As is true of any online secure service, you have to be comfortable with the company and trust that the service is doing what it claims it is to keep your data secure.
Secure your online services with two-factor authentication
The first line of defense for keeping your online services secure is to use unique, random, passwords of ten characters or more for every account you have—just don’t forget to store them in a good password manager. For even better security, turn on two-factor authentication for Google, Facebook, and every other service that offers it.
Two-factor authentication requires you to enter a short numeric code in addition to your password before you can gain access to your account. The code usually comes from a physical fob or from a smartphone application. The good news is that you can get most of your two-factor authentication codes from Google’s Authenticator app for Android and iOS.
Authenticator automatically works with accounts such as Dropbox, Evernote, Google, LastPass, and Microsoft. Facebook offers its own code generator inside the social network’s mobile app, but you can add Facebook to Authenticator as well. From the Facebook newsfeed, click the settings cog in the upper right corner and select Account Settings.
Click the link in the first two words of the sentence Set up another way to get security codes.
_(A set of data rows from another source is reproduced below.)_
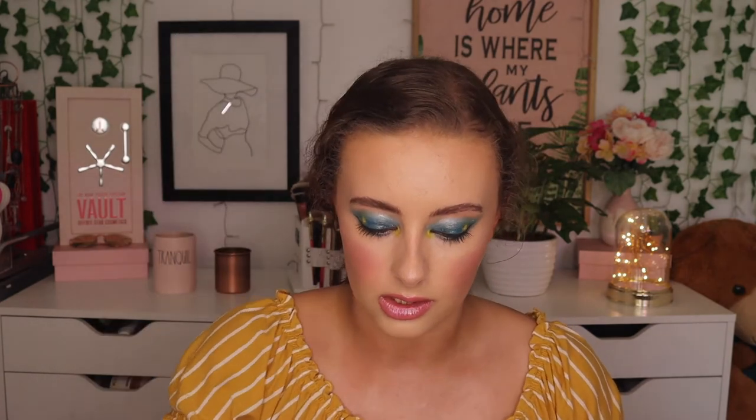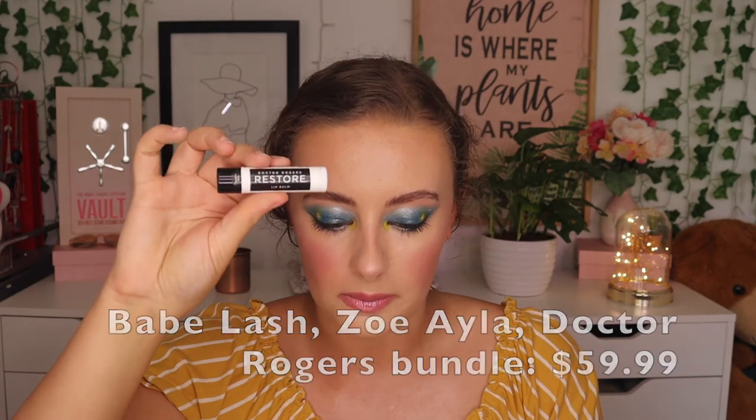These two items are included with the other bundle — it was $60 for the comb set as well as these. The first one is the Dr. Rogers Restore Lip Balm, which is just like a regular chapstick to keep lips smooth and hydrated — it has castor oil. The other thing is a lash curler from Babe Lash — it's a Pro Lash Lifter in a rose gold finish, designed to comfortably curl and lift lashes. I'll be trying that, though sometimes lash curlers don't work because they don't get a good grasp on your lashes.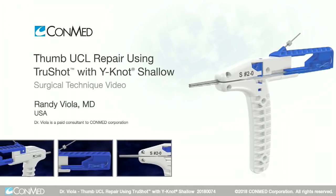I'm Dr. Randy Viola and we're at the Stedman Clinic in Vail, Colorado. Today we're going to perform a skier's thumb repair using the TrueShot Ynot.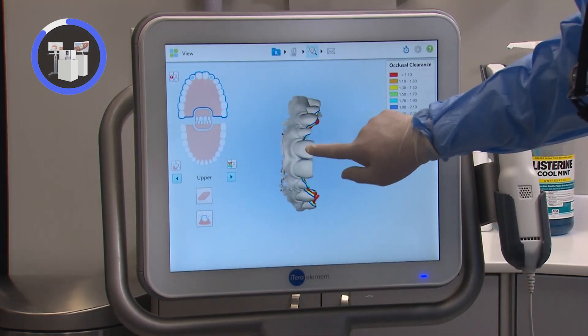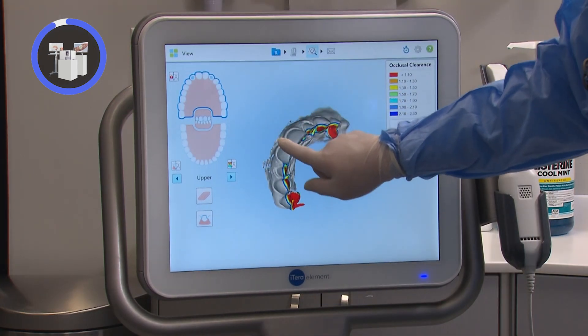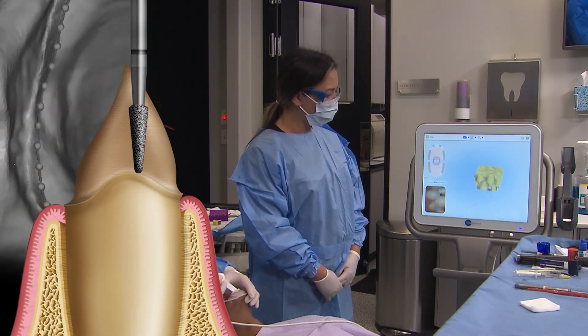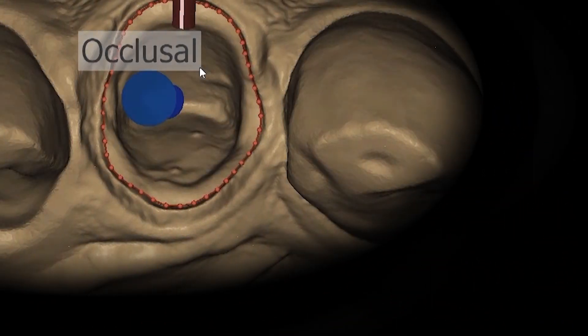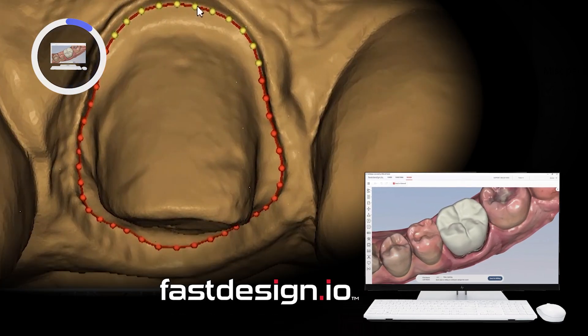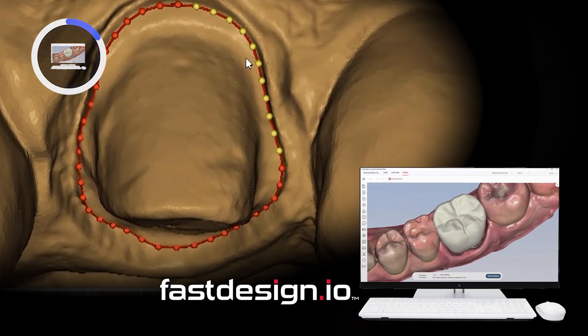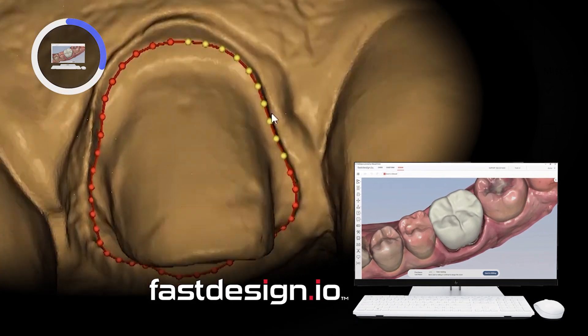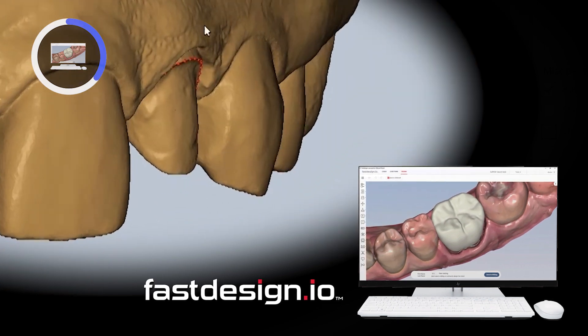Since the final restorations will be Bruxer aesthetic, the digital impression has been transferred to the lab for fabrication. I also transfer the files to our Glidewell in-office system so I can design and mill precise fitting BioTemps Now provisionals. In the Fast Design software, I first mark the margins and define the occlusal and facial directions.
A QR code should appear in a pop-up window. Open Authenticator, navigate to the ‘Add Entry’ option, select Scan Barcode, and point your phone’s camera at the QR code on your monitor. In a few seconds, your phone will identify your Facebook account code and add it to Authenticator. Enter a Facebook code from Authenticator to ensure that everything’s working properly, and you’re done.
Two-factor authentication isn’t foolproof, but it does add a hurdle to help deter anyone who wants to get into your account. Twitter offers its own two-factor authentication, but its method is not compatible with Google’s Authenticator. The last time we checked, Twitter’s authentication method still had some kinks to work out.
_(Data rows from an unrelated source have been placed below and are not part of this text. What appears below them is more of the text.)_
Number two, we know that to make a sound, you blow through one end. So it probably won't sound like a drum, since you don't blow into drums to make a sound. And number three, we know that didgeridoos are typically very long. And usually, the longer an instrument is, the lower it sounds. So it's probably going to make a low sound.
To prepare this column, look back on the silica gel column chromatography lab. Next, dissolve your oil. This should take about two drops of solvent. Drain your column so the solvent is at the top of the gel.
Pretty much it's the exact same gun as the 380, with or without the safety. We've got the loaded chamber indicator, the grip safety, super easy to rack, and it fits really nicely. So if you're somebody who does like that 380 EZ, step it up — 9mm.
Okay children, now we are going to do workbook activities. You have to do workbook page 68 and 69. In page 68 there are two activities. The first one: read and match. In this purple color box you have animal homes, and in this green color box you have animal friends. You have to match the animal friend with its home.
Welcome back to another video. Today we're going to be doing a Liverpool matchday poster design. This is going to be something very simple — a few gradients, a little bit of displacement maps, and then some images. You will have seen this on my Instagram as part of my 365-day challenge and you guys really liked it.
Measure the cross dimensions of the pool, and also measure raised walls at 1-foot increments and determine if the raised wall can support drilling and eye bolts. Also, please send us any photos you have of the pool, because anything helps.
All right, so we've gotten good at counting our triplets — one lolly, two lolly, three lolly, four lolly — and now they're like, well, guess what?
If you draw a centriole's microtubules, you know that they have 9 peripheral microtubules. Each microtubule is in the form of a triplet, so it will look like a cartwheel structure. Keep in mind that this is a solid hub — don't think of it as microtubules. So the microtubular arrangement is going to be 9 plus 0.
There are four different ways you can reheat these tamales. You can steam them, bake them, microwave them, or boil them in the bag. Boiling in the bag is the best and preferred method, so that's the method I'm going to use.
If two-factor authentication isn’t enough security for you, take stock of the backup email address you use for all of your online accounts. Consider using one or several unique email addresses as password recovery addresses. Just make sure that you never give out these email addresses for personal mail and that they aren’t similar to your other accounts.
VPNs, encrypted storage, and two-factor authentication are great tools for keeping your data secure and your online activity as private as possible. They may sometimes be a bit of a pain to work with—especially when you’re entering extra codes in Authenticator. But dealing with a minor headache now is a lot easier than enduring the major migraine you’ll feel if you let yourself get hacked when you could have stopped the bad guys in their tracks.